紧跟着是一声巨响,维尔西斯直接轰开了门,连带着墙都碎了一半,手里提着两只昏过去的雌虫,都是原本在这里负责安保的。
这里的安保很严密,不过以后就不严密了,从活的虫到机器设备,全都被维尔西斯一路上干碎了。
塔伦被飞溅的尘埃弄得不停咳嗽,姜照安也没有松手,咳了几声之后,剑就在他的咽喉处留下几道红痕。
路德维希不认得姜照安,想试图交涉,但一只手臂突然勒住他的脖子,然后一根针管直接扎进了他腰间。
昏过去之前他竟然感觉有点无奈......被少将记仇了。
楼双信觉得在维尔西斯面前躺着不太好看,自己爬了两步,找了个地方靠着坐了,又后知后觉是不是爬着也不太好看?
算了,随便吧。
他现在很不高兴,伤不伤的都是其次,弄个伤口挺好的,他现在只想跟维尔西斯说两句话,想被担心一下,让自己知道自己现在仍旧活着是有意义的。
流的血太多,他有点头晕,地板被他弄得脏兮兮的,模糊间他看见那道身影朝他靠近。
维尔西斯摁住他的伤口,脸色很难看,问,“雄主,为什么不早点发信号?”
他不觉得楼双信是任虫宰割的,再不济光靠精神力他也能压制的塔伦不能动弹,路德维希显然没有表现出敌意和攻击性。
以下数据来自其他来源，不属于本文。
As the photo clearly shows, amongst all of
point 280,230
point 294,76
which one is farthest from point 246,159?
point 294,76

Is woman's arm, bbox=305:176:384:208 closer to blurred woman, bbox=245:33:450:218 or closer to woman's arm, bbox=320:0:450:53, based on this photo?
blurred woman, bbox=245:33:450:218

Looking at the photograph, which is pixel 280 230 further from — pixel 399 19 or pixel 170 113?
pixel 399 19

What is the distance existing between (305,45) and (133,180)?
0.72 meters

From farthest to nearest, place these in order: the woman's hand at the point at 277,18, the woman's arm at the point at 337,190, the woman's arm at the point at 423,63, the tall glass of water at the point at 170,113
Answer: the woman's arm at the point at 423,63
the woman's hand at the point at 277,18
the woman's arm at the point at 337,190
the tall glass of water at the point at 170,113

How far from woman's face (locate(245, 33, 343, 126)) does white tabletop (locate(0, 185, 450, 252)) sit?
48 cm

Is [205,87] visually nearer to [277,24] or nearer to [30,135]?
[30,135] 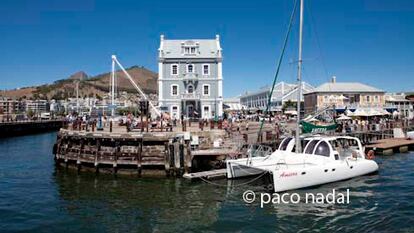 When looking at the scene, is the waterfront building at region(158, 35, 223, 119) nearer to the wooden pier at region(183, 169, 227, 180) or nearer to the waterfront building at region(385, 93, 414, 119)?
the wooden pier at region(183, 169, 227, 180)

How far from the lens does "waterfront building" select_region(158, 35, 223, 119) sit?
172ft

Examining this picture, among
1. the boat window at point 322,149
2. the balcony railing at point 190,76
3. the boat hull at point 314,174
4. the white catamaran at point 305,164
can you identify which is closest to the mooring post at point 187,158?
the white catamaran at point 305,164

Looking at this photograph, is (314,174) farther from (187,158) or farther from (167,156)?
(167,156)

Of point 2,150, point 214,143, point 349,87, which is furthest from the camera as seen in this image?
point 349,87

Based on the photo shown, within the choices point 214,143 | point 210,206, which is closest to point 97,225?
point 210,206

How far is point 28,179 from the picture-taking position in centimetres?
2711

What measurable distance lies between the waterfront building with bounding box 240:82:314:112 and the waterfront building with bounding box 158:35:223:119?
2812 centimetres

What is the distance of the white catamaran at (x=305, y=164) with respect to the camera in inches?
841

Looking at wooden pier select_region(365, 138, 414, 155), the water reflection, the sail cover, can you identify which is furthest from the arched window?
the water reflection

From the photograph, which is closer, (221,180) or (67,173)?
(221,180)

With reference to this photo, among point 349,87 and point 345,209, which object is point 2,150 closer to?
point 345,209

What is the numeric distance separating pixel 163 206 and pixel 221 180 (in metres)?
6.43

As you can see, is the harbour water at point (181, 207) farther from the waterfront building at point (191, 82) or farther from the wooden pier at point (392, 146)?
the waterfront building at point (191, 82)

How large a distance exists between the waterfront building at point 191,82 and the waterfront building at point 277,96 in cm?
2812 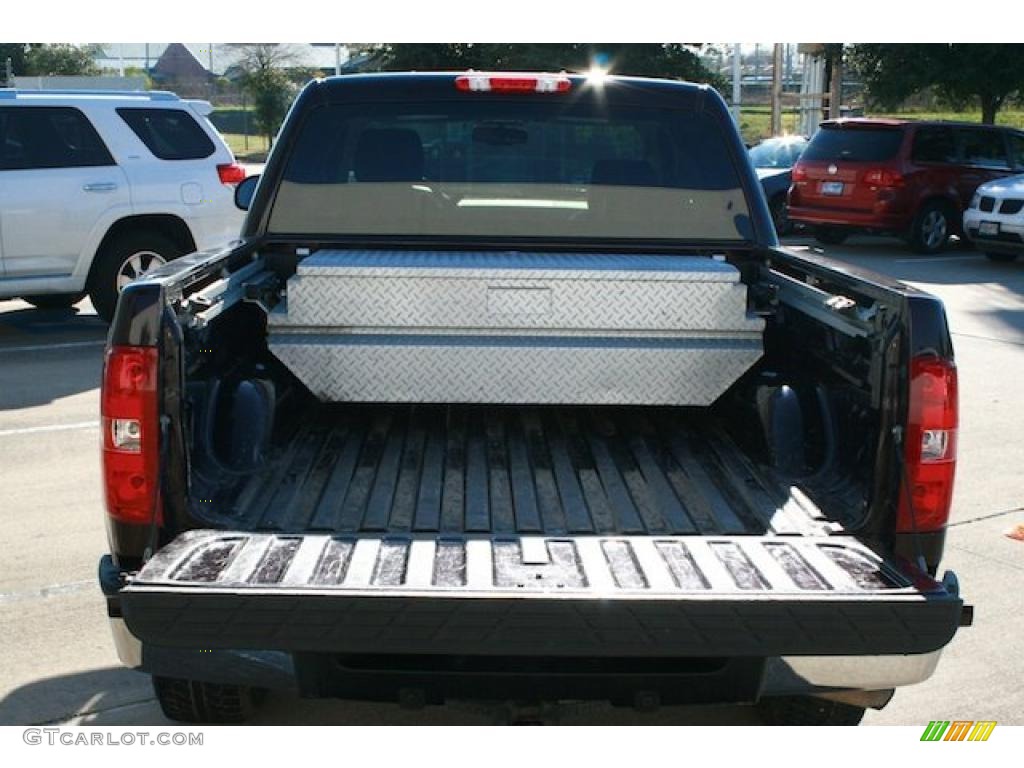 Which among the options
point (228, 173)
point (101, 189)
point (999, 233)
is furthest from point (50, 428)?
point (999, 233)

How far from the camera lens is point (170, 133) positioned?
35.3ft

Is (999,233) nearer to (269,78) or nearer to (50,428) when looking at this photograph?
(50,428)

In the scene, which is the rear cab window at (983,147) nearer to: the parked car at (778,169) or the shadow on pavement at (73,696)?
the parked car at (778,169)

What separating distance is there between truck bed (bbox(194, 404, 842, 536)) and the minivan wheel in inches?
516

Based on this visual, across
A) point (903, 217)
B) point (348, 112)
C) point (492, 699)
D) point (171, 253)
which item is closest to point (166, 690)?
point (492, 699)

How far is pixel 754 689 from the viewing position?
119 inches

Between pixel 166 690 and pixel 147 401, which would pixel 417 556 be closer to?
pixel 147 401

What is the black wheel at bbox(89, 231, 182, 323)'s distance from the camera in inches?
410

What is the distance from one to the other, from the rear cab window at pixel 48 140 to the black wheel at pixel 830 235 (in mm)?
10174

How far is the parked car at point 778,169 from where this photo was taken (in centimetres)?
1838

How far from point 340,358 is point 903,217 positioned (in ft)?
44.5

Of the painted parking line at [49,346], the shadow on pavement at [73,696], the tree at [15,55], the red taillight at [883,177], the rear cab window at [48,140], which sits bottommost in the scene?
the painted parking line at [49,346] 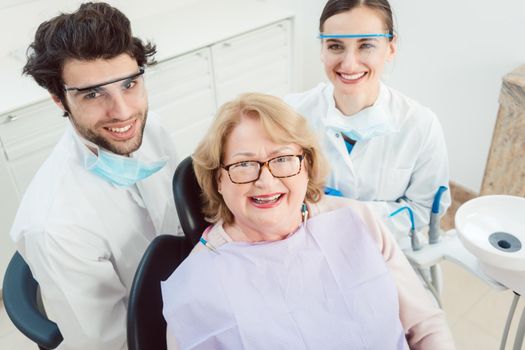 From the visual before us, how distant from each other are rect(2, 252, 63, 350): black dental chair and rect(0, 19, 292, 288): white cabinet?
87 centimetres

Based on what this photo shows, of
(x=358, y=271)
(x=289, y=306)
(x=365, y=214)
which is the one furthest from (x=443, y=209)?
(x=289, y=306)

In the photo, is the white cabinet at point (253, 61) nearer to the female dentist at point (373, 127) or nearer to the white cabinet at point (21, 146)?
the white cabinet at point (21, 146)

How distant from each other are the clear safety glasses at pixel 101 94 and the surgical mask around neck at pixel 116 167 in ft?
0.36

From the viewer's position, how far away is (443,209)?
1598 millimetres

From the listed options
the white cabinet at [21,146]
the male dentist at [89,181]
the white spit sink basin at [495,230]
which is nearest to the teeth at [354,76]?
the white spit sink basin at [495,230]

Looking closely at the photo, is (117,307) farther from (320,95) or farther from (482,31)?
(482,31)

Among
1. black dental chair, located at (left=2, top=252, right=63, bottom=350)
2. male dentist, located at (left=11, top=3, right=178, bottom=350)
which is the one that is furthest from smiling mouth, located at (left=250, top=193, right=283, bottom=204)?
black dental chair, located at (left=2, top=252, right=63, bottom=350)

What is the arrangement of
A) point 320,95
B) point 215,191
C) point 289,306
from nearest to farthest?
point 289,306 < point 215,191 < point 320,95

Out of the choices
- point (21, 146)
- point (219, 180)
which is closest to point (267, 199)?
point (219, 180)

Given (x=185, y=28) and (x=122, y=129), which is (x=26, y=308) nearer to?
(x=122, y=129)

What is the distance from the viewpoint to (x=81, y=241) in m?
1.34

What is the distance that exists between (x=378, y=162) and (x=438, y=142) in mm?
191

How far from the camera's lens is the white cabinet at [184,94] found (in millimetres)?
2197

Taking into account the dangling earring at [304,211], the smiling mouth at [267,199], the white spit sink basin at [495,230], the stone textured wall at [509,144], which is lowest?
the stone textured wall at [509,144] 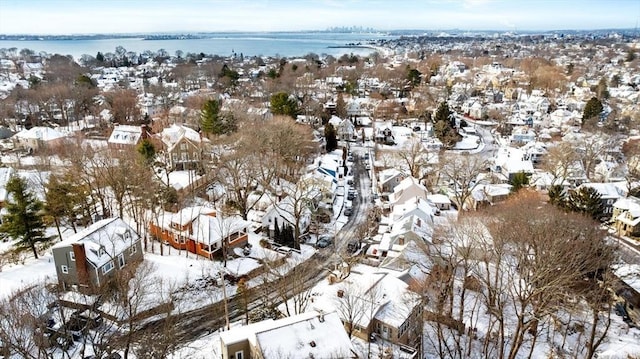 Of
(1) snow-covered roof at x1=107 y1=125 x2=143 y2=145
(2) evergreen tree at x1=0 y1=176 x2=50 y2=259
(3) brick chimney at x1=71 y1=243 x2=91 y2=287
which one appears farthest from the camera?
(1) snow-covered roof at x1=107 y1=125 x2=143 y2=145

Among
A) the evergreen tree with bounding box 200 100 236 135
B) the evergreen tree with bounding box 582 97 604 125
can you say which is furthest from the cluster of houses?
the evergreen tree with bounding box 582 97 604 125

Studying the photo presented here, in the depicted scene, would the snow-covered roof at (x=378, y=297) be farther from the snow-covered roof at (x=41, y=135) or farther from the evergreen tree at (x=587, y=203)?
the snow-covered roof at (x=41, y=135)

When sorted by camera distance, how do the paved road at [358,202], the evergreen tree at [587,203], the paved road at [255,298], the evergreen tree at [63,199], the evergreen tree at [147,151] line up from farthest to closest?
1. the evergreen tree at [147,151]
2. the paved road at [358,202]
3. the evergreen tree at [587,203]
4. the evergreen tree at [63,199]
5. the paved road at [255,298]

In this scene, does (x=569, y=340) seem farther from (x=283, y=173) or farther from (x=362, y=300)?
(x=283, y=173)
很早的时候他就发现了楼双信这种隐隐约约的自毁倾向,好像有个医疗舱能随时治疗伤口就可以把自己的身体当做工具一样,卡特那次也是,现在这次也是。
办法总有很多种,楼双信总要选对自己伤害最大的那一种。
痛苦是普通虫避之不及的,而楼双信是接受痛苦的专家,所以痛苦和折磨是他的武器,他一边用自己的苦难玩弄其他的虫,一边用痛感受自己的生命,保持自己的理性。
楼双信朝他虚弱地笑了一下,血从嘴角往下流,流进衣领里,轻声呢喃着,“维达,为什么要喝那个纸灰?”
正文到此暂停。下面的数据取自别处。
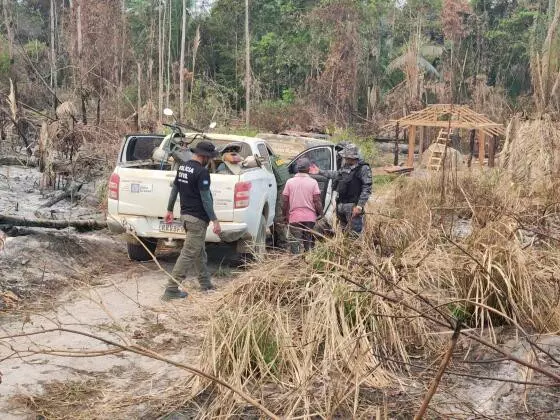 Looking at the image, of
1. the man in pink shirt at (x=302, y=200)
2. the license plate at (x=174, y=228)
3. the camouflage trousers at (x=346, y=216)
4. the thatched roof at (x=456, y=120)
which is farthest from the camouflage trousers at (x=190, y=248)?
the thatched roof at (x=456, y=120)

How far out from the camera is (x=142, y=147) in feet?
33.1

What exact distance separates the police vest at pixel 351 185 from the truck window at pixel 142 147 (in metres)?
2.89

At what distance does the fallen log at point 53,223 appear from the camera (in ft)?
31.3

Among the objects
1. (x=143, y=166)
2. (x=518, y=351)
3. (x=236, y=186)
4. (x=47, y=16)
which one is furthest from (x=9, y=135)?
(x=47, y=16)

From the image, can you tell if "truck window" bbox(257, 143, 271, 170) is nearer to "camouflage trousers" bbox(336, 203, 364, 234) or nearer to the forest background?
"camouflage trousers" bbox(336, 203, 364, 234)

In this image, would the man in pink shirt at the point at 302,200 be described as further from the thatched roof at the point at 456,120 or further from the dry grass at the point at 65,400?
the thatched roof at the point at 456,120

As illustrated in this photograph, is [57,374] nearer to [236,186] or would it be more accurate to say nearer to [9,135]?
[236,186]

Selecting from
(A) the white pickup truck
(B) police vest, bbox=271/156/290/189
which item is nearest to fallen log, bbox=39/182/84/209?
(A) the white pickup truck

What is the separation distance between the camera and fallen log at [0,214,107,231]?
9531 millimetres

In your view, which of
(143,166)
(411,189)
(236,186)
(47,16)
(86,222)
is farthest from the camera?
(47,16)

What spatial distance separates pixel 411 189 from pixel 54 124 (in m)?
7.67

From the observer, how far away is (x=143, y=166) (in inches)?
365

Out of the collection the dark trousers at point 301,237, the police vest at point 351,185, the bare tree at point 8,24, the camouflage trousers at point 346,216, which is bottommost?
the dark trousers at point 301,237

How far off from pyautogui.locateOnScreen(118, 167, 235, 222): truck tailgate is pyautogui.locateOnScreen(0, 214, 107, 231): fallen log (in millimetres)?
1963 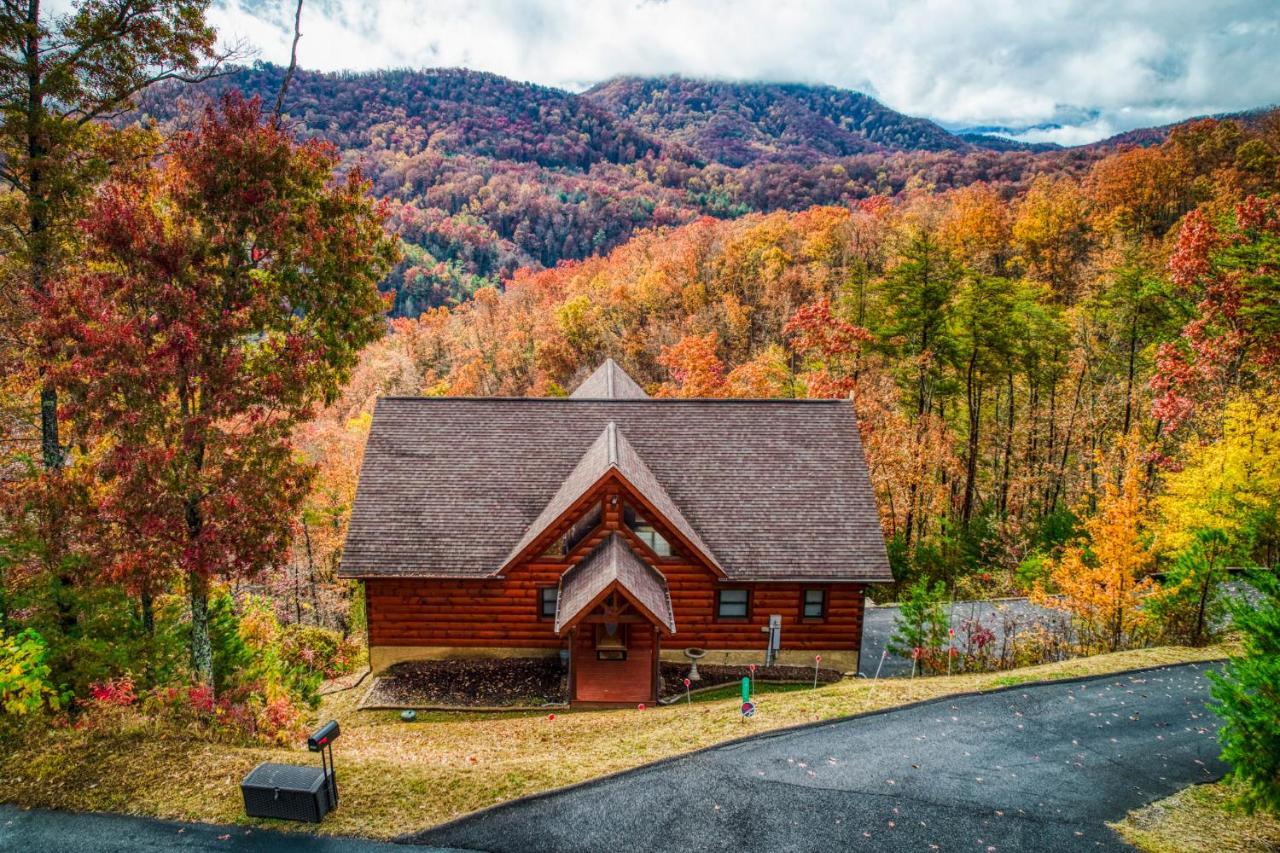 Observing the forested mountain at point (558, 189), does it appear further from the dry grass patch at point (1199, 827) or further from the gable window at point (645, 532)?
the dry grass patch at point (1199, 827)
“什么意思?”维尔西斯低声说,手有点发抖,楼双信的伤口根本止不住血,口子再大一些大概肠子就会流出来,“你想干什么,想抛下我吗?”
失血过多会影响大脑,楼双信显然已经不是很清醒了,他依然笑着,湿冷的手去摸维尔西斯的脸,说一句话要喘好几声,“乖乖......我要研究一下,怎么解开呢......你为什么摊上我了呢?”
维尔西斯的感觉自己的大脑一下炸开了,楼双信话里那种疲惫的死意让他心惊,他不知道塔伦对他说了什么,也不知道几个小时而已,为什么事情就会变成这样。
最可怕的是,楼双信说要解开什么?
“你怎么表情那么难看,嗯?”楼双信喃喃着,“我这次又不会死,一点小伤而已,你别......”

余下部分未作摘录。